This worker’s differences and individualities appreciation are also a dimensions examined when describing the so-called “emotional capitalism”. Sociologist Eva Illouz (2007), in the book Intimidades Congeladas, will describe and analyze the emotional dimension in capitalism, which would be managed by the axiom of control and emotional management. Such an axiom would have been produced and would be strengthened by the discourses of self-help. Thus, emotional capitalism constitutes a culture in which emotional and economic discourses/practices would have a relation of immanence and would produce a displacement, where “affection becomes an essential aspect of economic behavior and emotional life” (ILLOUZ, 2007, p. 19-20). For Han (2016, p. 38), in a critical perspective, the “neoliberal regime presupposes emotions as a resource to increase productivity and income.” Thus, today workers would be required not only cognitive competence, but also emotional competence. Emotions become the raw material within a context of capitalism of emotions.

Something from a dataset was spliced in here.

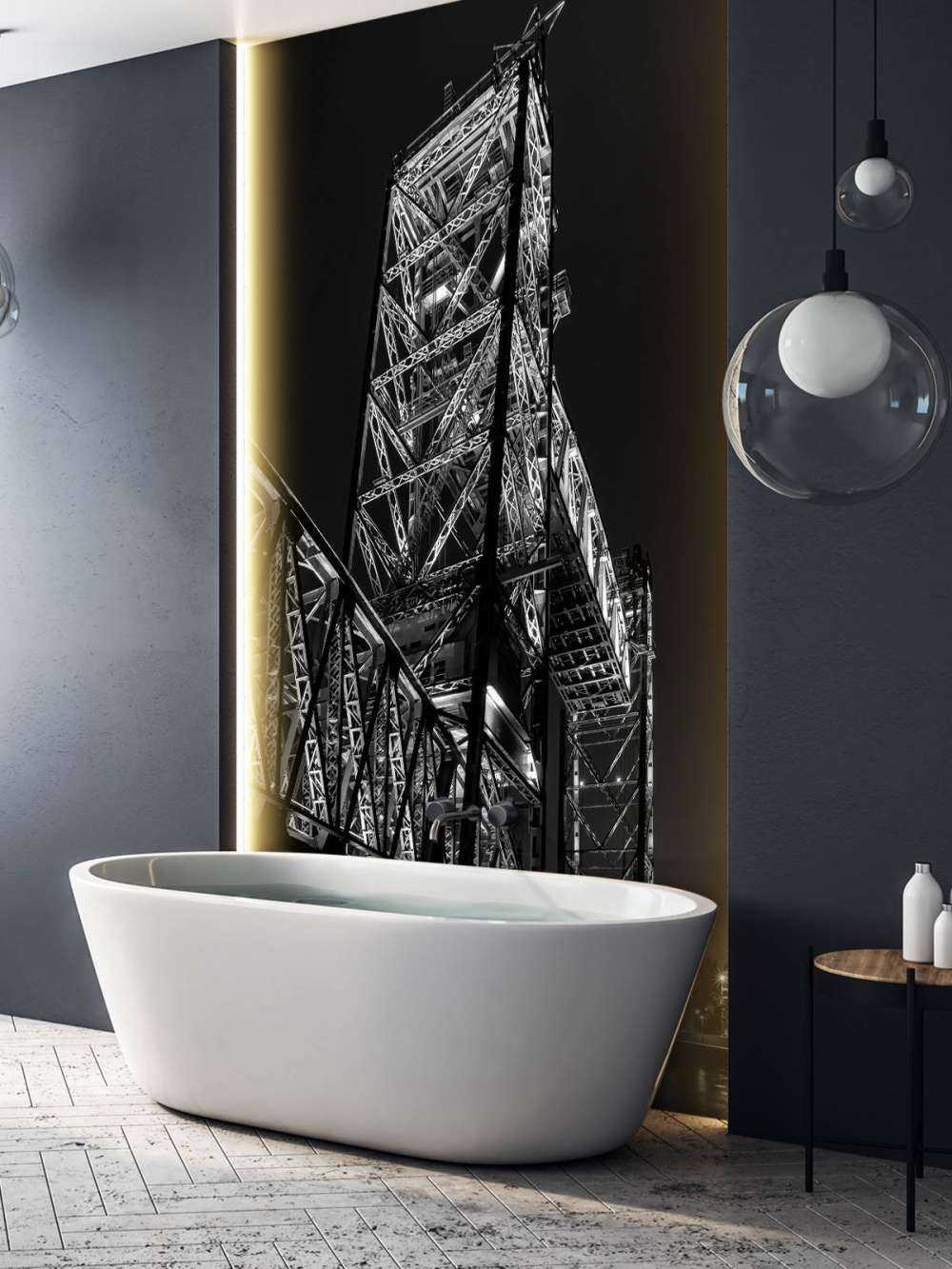 Ex ponte ferroviario De Hef a Rotterdam in bianco e nero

Another nuance that deserves attention when looking at the transformations in contemporary capitalism refers to the analyzes developed by Richard Sennett (1999) regarding flexible capitalism. For the sociologist, subjects and culture will be redefined in times where flexibility acquires centrality. We can highlight three aspects that have sustained the centrality of flexibility. The first aspect would be related to the continued reinvention of institutions in relation to new forms of organization focused on increasing efficiency and productivity. The second aspect would be linked to flexible specialization which would have specific implications for the need for permanent innovation and for increasing competitiveness. The third and last aspect refers to concentration without centralization, that is, a new form of work organization regulated by new forms of control, linked to the creation of goals (usually difficult to fulfill) and a pursuit for the qualification of performances.

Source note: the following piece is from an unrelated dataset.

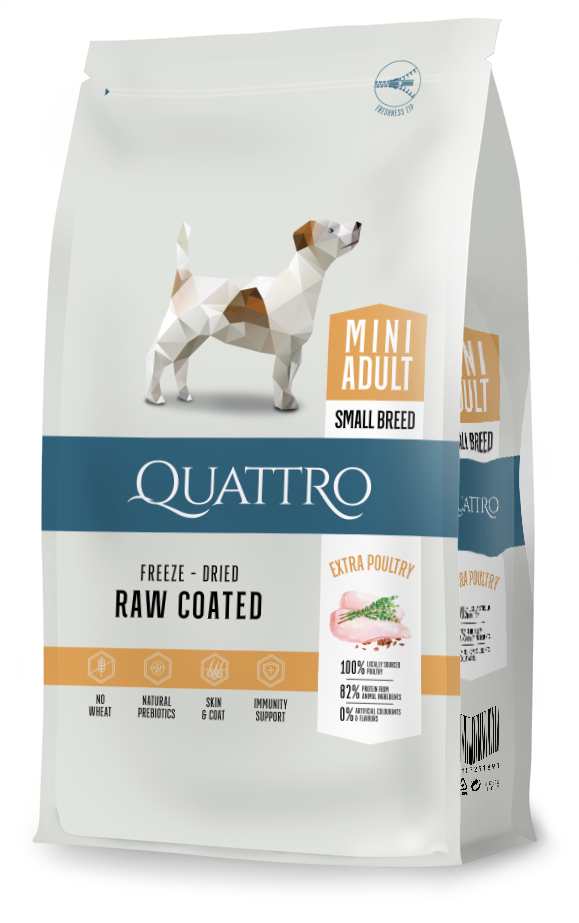 Quattro hundfoder Super Premium Small Breed Mini Adult, Extra Poultry – 7 kg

Under the conditions of flexible capitalism described by Sennett, the willingness to risk and reinvent ourselves emerge as fundamental virtues. However, this new configuration ends up exposing “individuals to permanent vulnerabilities, through which they embark on continuous training processes” (SILVA, 2015, p.29). The need to become employable has produced an increase in precariousness in the world of work, and has required us to become more employable, since we are stimulated/summoned to consume services that will be essential so we can keep the characteristics demanded by the market.

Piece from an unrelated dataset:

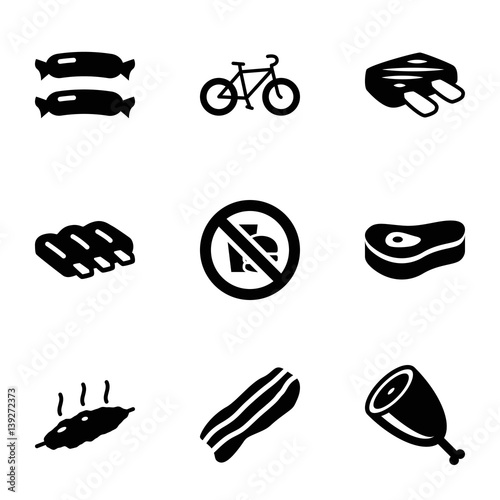 Set of 9 fat filled icons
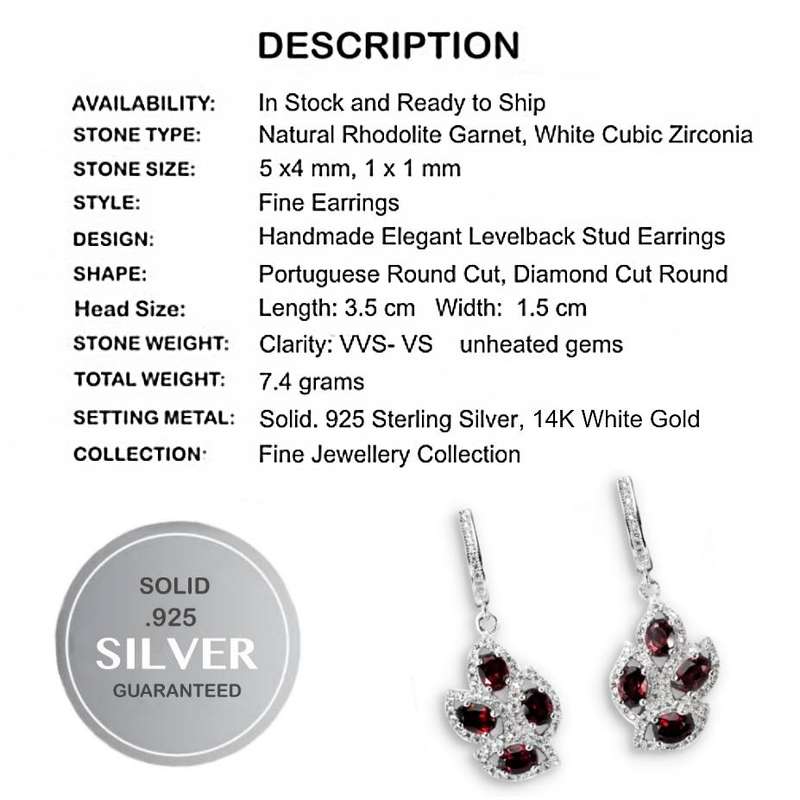 8mm Top Natural  Unheated Rhodolite Garnet, Cubic Zirconia Solid .925 Sterling Silver Earrings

We can infer that this need to build ourselves employable and in permanent training is produced in the change of emphasis analyzed by Bell (1977), in a classic study in the sociology of labor, from an industrial society to a post-industrial society. For the researcher, one of the ways to define a post-industrial society would be through the change in occupational distributions, that is, “it has been altered not only the place where people work, but also the type of work they perform. Among the determinants of class and stratification in society, occupation constitutes the most important determinant of them”(BELL, 1977, p.29, emphasis added).

The social prediction proposed by Bell in the 1970s acquires specific contours in the current contexts with the intensification and strengthening of neoliberal thinking. Again, using the analysis of Dardot and Laval (2016), the great news of the contemporary context in relation to the fabrication of new subjectivities for work would reside in a modeling that makes individuals more capable of withstanding the new working conditions that are imposed, also producers of these conditions contributing to the strengthening of this logic. In a competition-centered context and with a focus on self-realization, as the studies reviewed here show, it prints out and shapes a new way of being a worker in the present days.

The new dimensions assumed by the changes in recent capitalism as we have sought to show have operated a significant change in labor relations, either through an emphasis on flexibility, emotion or the immaterialisation of labor. Such configurations change the subjectivity of the worker himself who must take on new characteristics and relate himself in a new way with the work. What we want to show in this article is that such changes have produced a new relationship between the teacher and the teaching work.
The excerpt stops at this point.